Material for the task >>
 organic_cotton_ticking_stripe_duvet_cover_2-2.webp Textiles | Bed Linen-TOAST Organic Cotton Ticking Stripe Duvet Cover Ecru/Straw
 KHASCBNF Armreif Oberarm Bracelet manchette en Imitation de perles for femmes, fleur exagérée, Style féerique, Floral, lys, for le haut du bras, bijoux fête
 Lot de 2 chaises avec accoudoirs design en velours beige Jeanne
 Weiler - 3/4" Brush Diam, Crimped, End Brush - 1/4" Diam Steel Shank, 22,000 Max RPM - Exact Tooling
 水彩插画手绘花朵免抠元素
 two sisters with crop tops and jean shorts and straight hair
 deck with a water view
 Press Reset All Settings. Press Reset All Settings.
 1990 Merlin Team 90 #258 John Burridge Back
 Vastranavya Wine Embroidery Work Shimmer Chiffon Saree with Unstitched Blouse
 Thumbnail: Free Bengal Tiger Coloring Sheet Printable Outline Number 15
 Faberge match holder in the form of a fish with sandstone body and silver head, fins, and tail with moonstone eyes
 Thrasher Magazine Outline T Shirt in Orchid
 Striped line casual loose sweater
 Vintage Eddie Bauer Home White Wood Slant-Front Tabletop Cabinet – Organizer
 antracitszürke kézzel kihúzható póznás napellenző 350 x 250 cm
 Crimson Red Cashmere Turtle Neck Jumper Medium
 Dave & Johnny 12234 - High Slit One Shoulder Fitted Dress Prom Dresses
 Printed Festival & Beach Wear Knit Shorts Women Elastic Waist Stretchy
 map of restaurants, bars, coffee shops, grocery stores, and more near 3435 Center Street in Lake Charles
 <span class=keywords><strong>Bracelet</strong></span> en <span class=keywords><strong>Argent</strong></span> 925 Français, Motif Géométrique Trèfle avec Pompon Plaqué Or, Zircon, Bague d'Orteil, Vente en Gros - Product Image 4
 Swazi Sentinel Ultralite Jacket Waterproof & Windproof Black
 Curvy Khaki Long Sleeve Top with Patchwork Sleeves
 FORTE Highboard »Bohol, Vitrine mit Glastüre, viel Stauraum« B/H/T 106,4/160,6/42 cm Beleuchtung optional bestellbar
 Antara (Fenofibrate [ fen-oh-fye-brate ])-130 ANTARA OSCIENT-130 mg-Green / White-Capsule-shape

Your assignment >> Give an exact copy of the lines above from the line with "- Exact Tooling" up to and including the line with "<span class=keywords><strong>Bracelet</strong></span> en", and leave everything else out.

Answer to this task >>
 Weiler - 3/4" Brush Diam, Crimped, End Brush - 1/4" Diam Steel Shank, 22,000 Max RPM - Exact Tooling
 水彩插画手绘花朵免抠元素
 two sisters with crop tops and jean shorts and straight hair
 deck with a water view
 Press Reset All Settings. Press Reset All Settings.
 1990 Merlin Team 90 #258 John Burridge Back
 Vastranavya Wine Embroidery Work Shimmer Chiffon Saree with Unstitched Blouse
 Thumbnail: Free Bengal Tiger Coloring Sheet Printable Outline Number 15
 Faberge match holder in the form of a fish with sandstone body and silver head, fins, and tail with moonstone eyes
 Thrasher Magazine Outline T Shirt in Orchid
 Striped line casual loose sweater
 Vintage Eddie Bauer Home White Wood Slant-Front Tabletop Cabinet – Organizer
 antracitszürke kézzel kihúzható póznás napellenző 350 x 250 cm
 Crimson Red Cashmere Turtle Neck Jumper Medium
 Dave & Johnny 12234 - High Slit One Shoulder Fitted Dress Prom Dresses
 Printed Festival & Beach Wear Knit Shorts Women Elastic Waist Stretchy
 map of restaurants, bars, coffee shops, grocery stores, and more near 3435 Center Street in Lake Charles
 <span class=keywords><strong>Bracelet</strong></span> en <span class=keywords><strong>Argent</strong></span> 925 Français, Motif Géométrique Trèfle avec Pompon Plaqué Or, Zircon, Bague d'Orteil, Vente en Gros - Product Image 4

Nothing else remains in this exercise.